You also said, “I note that medicine, and other fields are unaware of how statistics work…” I’m not sure I agree! Is your case manager a Ph.D., or M.D.? Probably not. Even if she were, she doesn’t decide the rules, and she’s probably reading from a script anyway! (You may say that the medical director is a M.D., and I’m sure he is, but in this situation he is more of a “boss” involved in the business side than a practicing doctor). At the end of the day, it’s the people at the top that want $$$$ that decide the rules, regardless of how accurate they are (and typically they are not).
And… to play devil’s advocate, isn’t the medical director technically correct, at least to a certain degree? He may be right that at your weight, regardless of what you can pull, it isn’t healthy, and therefore that makes you “at risk” and costs them more money. I do not agree with the assessment based on BMI for athletes (they should use body composition and other health markers), but for the general population it typically does work (higher BMI associated, statistically, with diseases, mortality, etc.). You know what would be really ironic? If you send them that deadlift video and they say, “wow, that’s extremely dangerous, we’re going to double your premium!” 
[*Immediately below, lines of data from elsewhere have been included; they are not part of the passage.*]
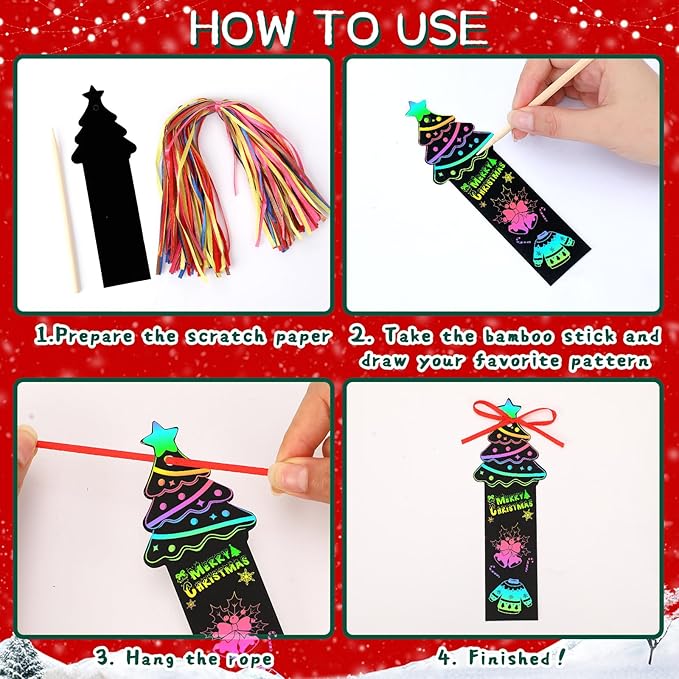 AUGSUN 96Pcs Christmas Scratch Bookmarks, Cute Christmas Tree Santa Snowman DIY Crafts Kit Rainbow Magic Scratch Paper Art for Xmas Hanging Ornaments Christmas Party Favors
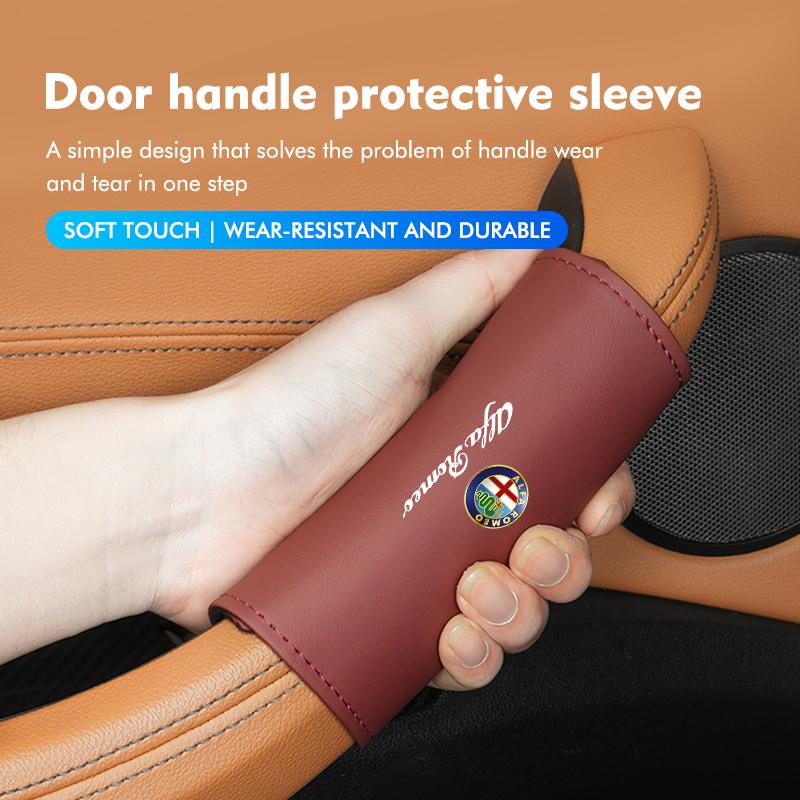 Car Door Inner Handle Protector Cover Handle Gloves Accessories For Alfa Romeo 159 Giulietta 156 147 Giulia Mito GT Stelvio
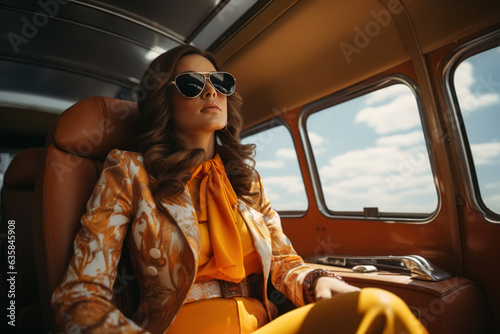 Successful stylish woman caucasian model in retro style clothes flying in an airplane in business class
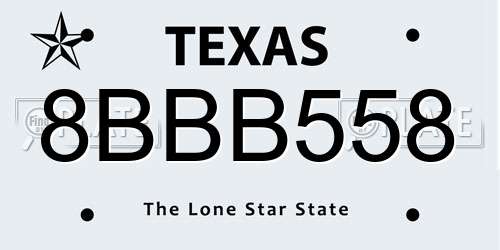 8BBB558 Texas License Plate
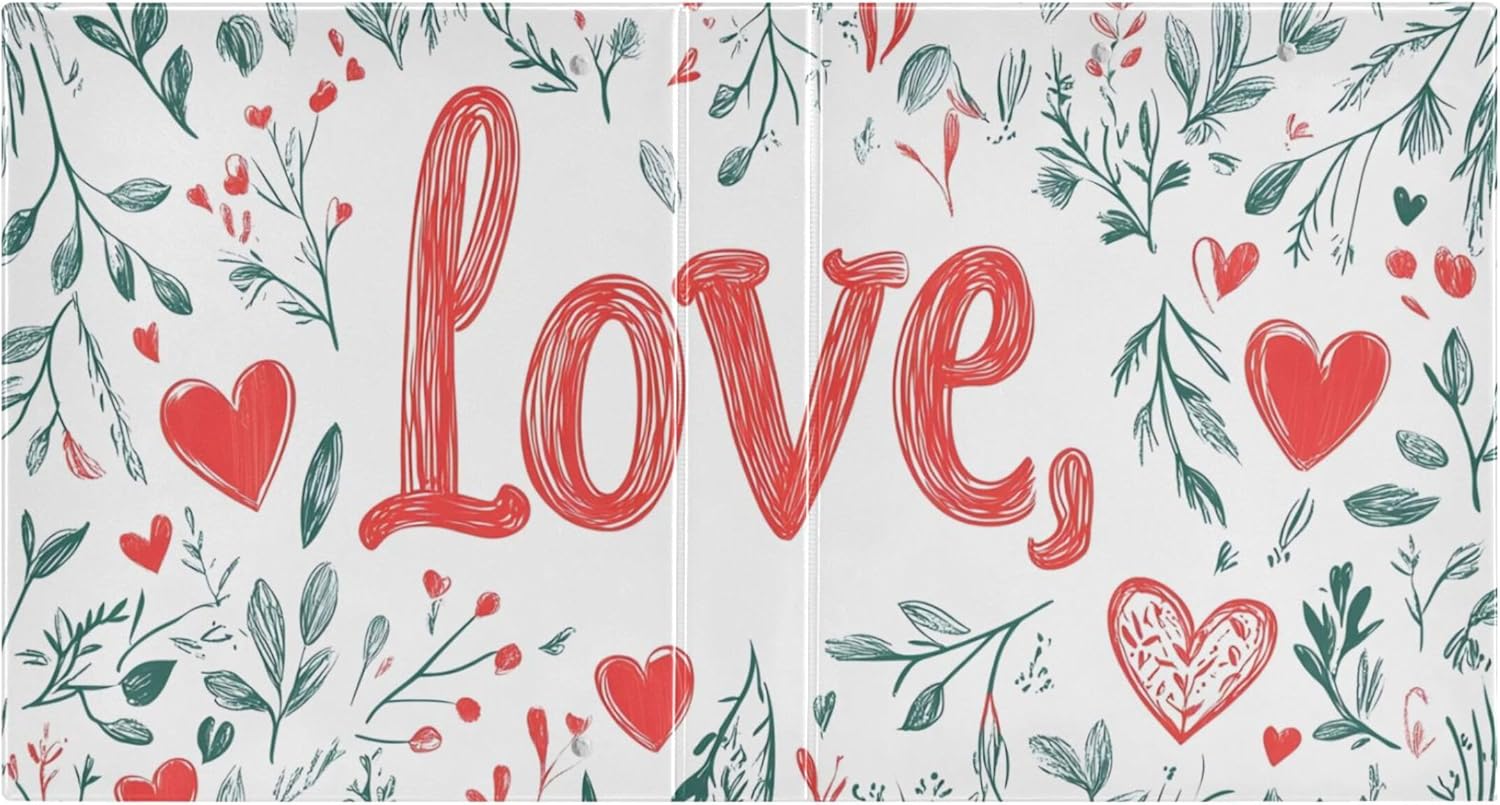 Valentine's Day Love 3 Ring Binders, 1.5” Round Ring Binders with Clipboard - Letter Size, 3 Interior PVC Clear Pockets & Anti-Slip Clip for Office School Supplies, 2PCS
ANYWAY, shouldn’t your deadlift goal be 650 or so? Given the ease of the 575 pull, I think you could already pull 600+.
Great log, my friend. Keep inspiring. [/quote]
Not dogging my case manager, she is an RN, but I am concerned when those who set the pace use macro statistics to model the sample.
To my point, I had a doctor, a premier neurologist, who said to me “you have all the symptoms of thoracic outlet syndrome, but it is very rare so I’m going to say that you don’t have it.” It is rare within the general population, not rare amongst those who have “all the symptoms.” Anyway, had further diagnostics and did indeed have an injury at the thoracic outlet.
I’m a researcher engineer and myself and others have similar stories from the MD world. Now Osteopaths, those people have a better oriented, more holistic view of the patient-ry. I will call out the MDs on this one.
And yes this is about money. Extra premiums are always appreciated.
OH MY GOD, that would actually make me laugh if I got pinged on heavy lifting as a life hazard. I’d deserve that one!
Maybe I should change the title to “Double Weight DL Before I Die”?